C’est une tactique qui s’appellait « effet de mirroir ». En transformants les remarques sexists parsémés sur les forums en ligne et les relançant aux hommes, elle s’est joint dans une communauté en development rapid qui lutte contre ce phenomène.

« Nous nous sommes levées en entendant les choses comme soyez sage, ne jurez pas, ne querellez pas, même si quelqun est impoli enver nous, » dit la jeune licencié. « Tous mes bons travaux n’ont pas marché, sauf celui-ci.»

En dépit du fait que la Corée du Sud est reconnue comme un des pays les plus démocratiques en Asie, elle est un échec depuis longtemps par rapport au droit de femme. Selon Le Forum Économique Mondiale, elle se trove dans le 116èime place de tous les 144 pays par rapport à l’égalité des sexew, une place base juste un avant l’Angola et la Nigéria.
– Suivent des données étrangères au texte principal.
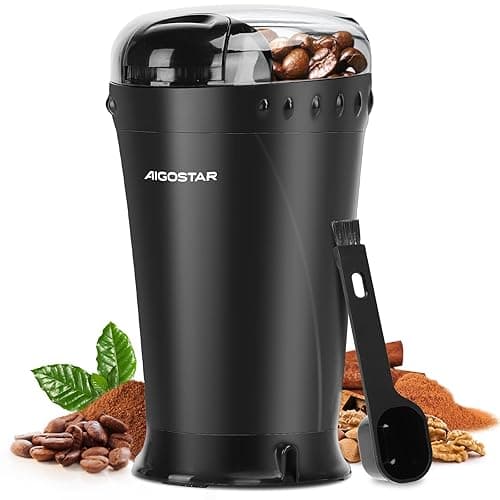 Aigostar Electric Coffee Grinder, Stainless Steel Blade, 200W, 60g Capacity, Cord Storage, Portable & Compact for Coffee Beans, Spice, Nuts, Seeds, Herbs, Black - Breath 30KYI. - Coffee Tea Accessories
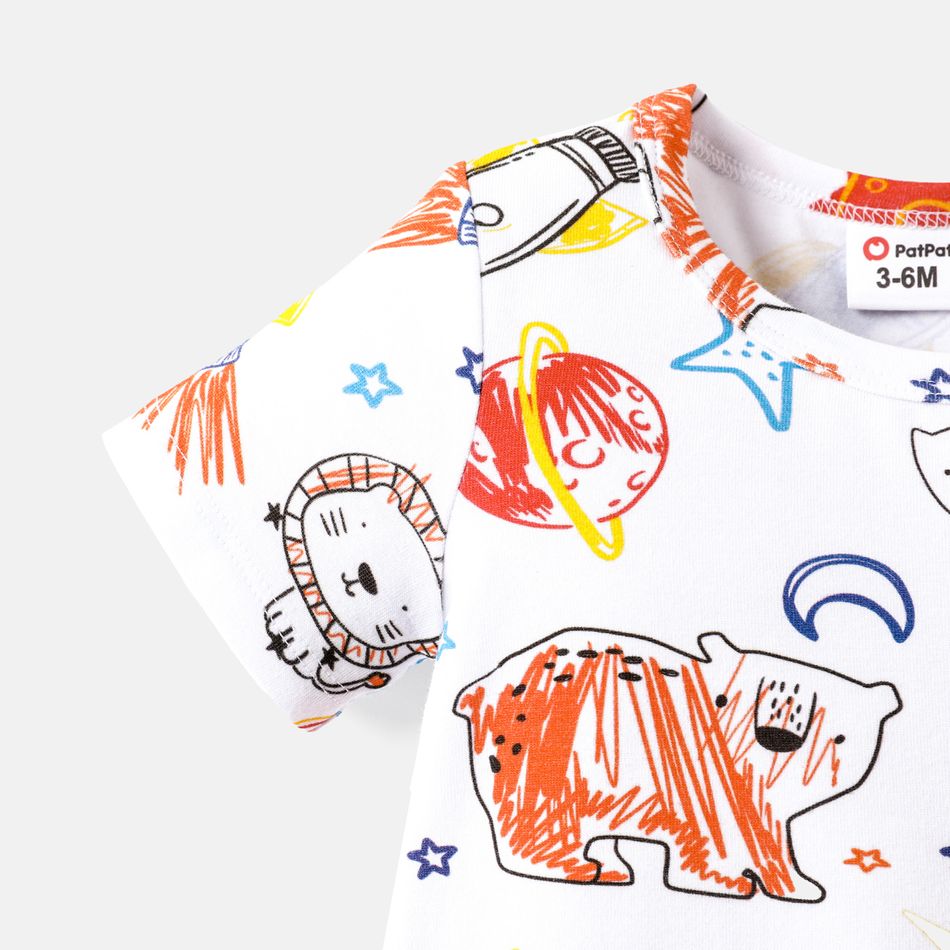 Baby Boy Cotton Short-sleeve Allover Print Romper Colorful big image 3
Le pays a aussi une plus grande différence des salaires homme-femmes parmis les pays les plus riches dans l'Organisation de coopération et de développement économiques.

Dans ce environment social conservatif, réagir sous une identité virtuelle fait ouvert une espace rare pour le debat, dit Yun, qui n’est pas silencé par les accusations légales. « Certains ont terminé» à parler en ligne, mais nous avons déja changé le culture. Les femmes sont entrain de «se faire entendre» , ajouta-t-elle.